Майор ВВС открыл перед Адриенной Рашад дверь огромной гостиной. Она вошла и застыла, уставившись на Эвана. Ее глаза не излучали удивления – в них светился только тот же холодный блеск ума.
– Я пойду, – сказал офицер ВВС.
– Благодарю вас, майор. – Дверь закрылась, и Кендрик шагнул вперед. – Здравствуй, Калейла. Калейла, ведь так?
– Как скажете, – спокойно произнесла она.
– Но ведь тебя зовут не Калейла, верно? Адриенна – Адриенна Рашад.
– Как скажете, – повторила она.
– Немного чересчур, не находишь?
– Все это очень глупо, конгрессмен. Вы вызвали меня сюда, чтобы я дала вам еще одну хвалебную характеристику? Если да, то я не сделаю этого.
– Характеристику? Вот уж чего я хотел бы в последнюю очередь.
– Хорошо, рада за вас. Уверена, представитель от Колорадо получит любую поддержку, которая ему нужна. Значит, здесь все-таки нет нужды в человеке, жизнь которого, как и жизни очень многих его коллег, зависит от анонимности? Не нужно делать шаг вперед и вносить вклад в дело вашего восхваления? Произносить здравицы в вашу честь?
– Вы так считаете? Думаете, я жажду восхваления и здравиц?
– А что прикажете думать?
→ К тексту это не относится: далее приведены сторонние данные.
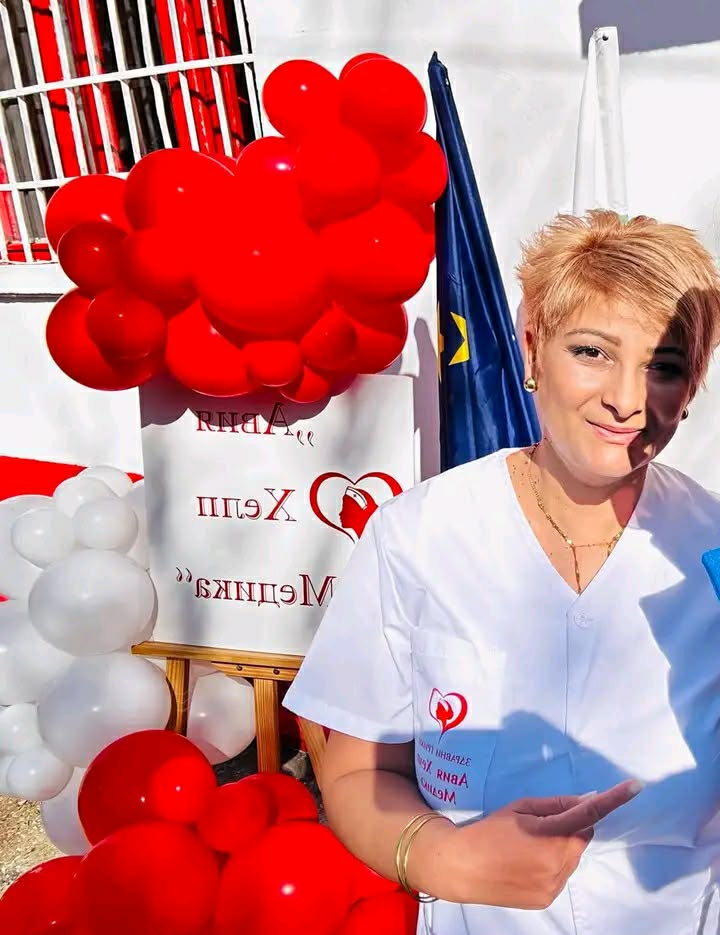 Портрет на Николина Георгиева, управител на „Авия Хелп Медика“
Что вы увезли меня от моей работы, раскрыли перед посольством и ВВС, возможно, разрушили мою «крышу», которую я создавала в течение нескольких лет, только потому, что были со мной близки? Это произошло однажды, но, уверяю вас, больше не повторится.
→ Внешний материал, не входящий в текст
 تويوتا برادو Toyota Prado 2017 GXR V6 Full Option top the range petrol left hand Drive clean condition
– Эй, погодите, прекрасная дама, – возразил Эван. – Ради Христа, не будем ворошить прошлое. Тогда я не знал, где нахожусь, что случилось или что еще произойдет. Я был испуган до смерти и понимал, что мне предстоит совершить такое, о чем раньше и подумать не мог.
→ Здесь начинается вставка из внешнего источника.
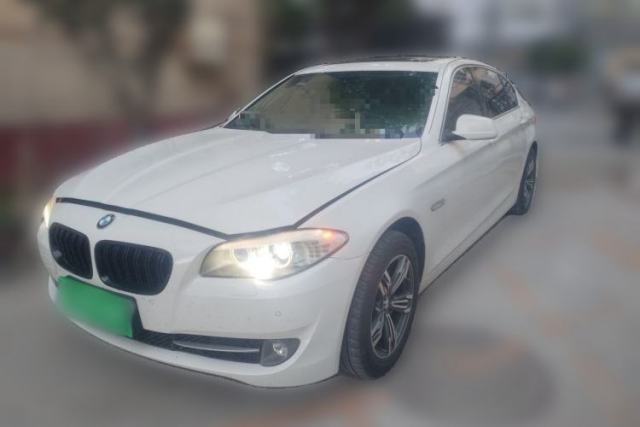 Used BMW 5 Series 2013 525Li Luxury Model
– А еще вы были измучены, – добавила Адриенна Рашад. – И я тоже. Бывает.
– Свонн так и говорил...
– Подонок.
– Нет, не надо. Фрэнк Свонн – не подонок...
– Употребить другое слово? Например, сводник? Бессовестный сводник.
– Вы ошибаетесь. Не знаю, что у вас с ним было, но дело свое он знает.
– Например, принося вас в жертву?
– Может быть... Признаю, мысль не очень привлекательная, но ему тоже как следует досталось.
– Оставьте это, конгрессмен. Зачем я здесь?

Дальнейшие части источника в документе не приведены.